A exigência do CPF em compras em cartão ou cheque é razoável, para Karina Penna Neves, coordenadora de Direito Privado do escritório Innocenti Advogados, por questão de segurança.
– Embora os estabelecimentos também usem a informação para na maior parte das vezes a coleta do dado se dá por segurança. Em compras com cartão, visam a evitar a ação de falsários. Se o varejista não pede identificação, depois pode ser responsabilizado judicialmente em eventual ação de indenização da vítima da fraude – afirma. – Já para pagamento em dinheiro, a loja não pode exigir. O consumidor pode se recusar a fornecer e exigir a realização da compra sob pena de indenização.
Essa não é a opinião de Roberto Mateus Ordine, vice-presidente da Associação Comercial de São Paulo, para quem as lojas não podem exigir CPF nem nas compras com cartão de crédito. No cheque, o número já é informado, lembra.
– O CPF só deveria ser exigido em vendas online e transferências bancárias – afirma.
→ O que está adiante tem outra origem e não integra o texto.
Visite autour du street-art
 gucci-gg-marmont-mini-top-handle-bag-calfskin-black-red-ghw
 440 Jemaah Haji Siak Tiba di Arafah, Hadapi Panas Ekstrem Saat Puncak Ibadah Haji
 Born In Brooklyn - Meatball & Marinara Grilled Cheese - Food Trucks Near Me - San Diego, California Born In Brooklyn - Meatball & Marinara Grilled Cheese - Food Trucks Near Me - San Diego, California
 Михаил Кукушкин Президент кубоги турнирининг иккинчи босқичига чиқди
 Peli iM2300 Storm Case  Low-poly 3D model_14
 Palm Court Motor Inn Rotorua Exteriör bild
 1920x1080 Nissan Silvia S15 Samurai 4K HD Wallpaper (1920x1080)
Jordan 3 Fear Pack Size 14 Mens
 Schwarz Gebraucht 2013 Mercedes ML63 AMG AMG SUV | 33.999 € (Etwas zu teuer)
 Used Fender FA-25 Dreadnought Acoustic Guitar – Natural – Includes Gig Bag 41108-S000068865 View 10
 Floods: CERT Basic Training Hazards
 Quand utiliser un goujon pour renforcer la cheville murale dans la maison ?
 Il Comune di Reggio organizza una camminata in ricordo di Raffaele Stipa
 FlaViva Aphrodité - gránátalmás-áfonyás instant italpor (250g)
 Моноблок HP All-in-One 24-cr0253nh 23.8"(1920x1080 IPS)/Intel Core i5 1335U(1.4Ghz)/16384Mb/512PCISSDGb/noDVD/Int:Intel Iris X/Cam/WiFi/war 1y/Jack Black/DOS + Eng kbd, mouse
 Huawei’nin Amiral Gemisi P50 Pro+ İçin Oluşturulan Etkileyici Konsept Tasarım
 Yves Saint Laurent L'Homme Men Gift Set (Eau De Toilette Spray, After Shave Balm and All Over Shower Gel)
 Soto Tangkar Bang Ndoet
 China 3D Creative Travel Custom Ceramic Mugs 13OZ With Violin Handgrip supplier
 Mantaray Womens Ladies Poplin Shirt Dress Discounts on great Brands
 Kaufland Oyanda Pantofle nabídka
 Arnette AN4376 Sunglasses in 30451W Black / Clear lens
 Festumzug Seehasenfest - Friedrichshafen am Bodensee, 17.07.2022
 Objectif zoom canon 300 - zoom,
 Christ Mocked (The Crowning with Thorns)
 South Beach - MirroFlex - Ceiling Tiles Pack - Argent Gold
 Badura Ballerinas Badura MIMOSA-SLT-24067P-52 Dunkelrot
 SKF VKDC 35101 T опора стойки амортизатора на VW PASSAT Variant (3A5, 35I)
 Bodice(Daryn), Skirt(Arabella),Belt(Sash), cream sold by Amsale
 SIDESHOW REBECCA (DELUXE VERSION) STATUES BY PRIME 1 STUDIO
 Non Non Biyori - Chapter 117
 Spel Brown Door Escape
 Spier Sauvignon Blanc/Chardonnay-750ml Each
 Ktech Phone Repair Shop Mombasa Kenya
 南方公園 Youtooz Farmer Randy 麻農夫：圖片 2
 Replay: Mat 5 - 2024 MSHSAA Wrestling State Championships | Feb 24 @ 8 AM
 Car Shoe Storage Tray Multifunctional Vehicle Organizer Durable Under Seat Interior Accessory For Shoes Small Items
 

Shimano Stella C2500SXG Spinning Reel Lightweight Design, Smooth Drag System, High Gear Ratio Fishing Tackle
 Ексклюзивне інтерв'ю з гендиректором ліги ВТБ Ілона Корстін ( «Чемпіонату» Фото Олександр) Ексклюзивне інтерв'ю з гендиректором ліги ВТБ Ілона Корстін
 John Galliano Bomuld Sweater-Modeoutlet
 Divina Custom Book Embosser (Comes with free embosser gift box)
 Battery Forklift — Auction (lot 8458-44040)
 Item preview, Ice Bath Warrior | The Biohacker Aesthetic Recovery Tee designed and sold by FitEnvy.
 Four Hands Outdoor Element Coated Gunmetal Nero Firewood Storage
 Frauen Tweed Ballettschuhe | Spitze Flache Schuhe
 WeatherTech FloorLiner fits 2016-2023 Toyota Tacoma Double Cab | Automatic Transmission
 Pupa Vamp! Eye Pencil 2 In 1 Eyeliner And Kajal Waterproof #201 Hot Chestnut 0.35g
Na avaliação da Fecomércio-RJ, a informação é indispensável só em transações por internet, mas a entidade destaca que o consumidor tem benefícios ao incluir o CPF na nota fiscal. “O consumidor, se preferir, pode se recusar a informar o número do documento”, afirmou a federação, lembrando, contudo, que no Rio é possível solicitar a restituição do ISS embutido no preço. A associação paulista frisa que em São Paulo o consumidor se beneficia da reversão de parte do ICMS.
Descendente direto do Cartão de Identificação do Contribuinte (CIC), o CPF foi instituído em meados dos anos 1980, com a reformulação do sistema tributário. Ao longo dos anos, passou a ser usado por instituições bancárias, o que lhe conferiu mais confiabilidade.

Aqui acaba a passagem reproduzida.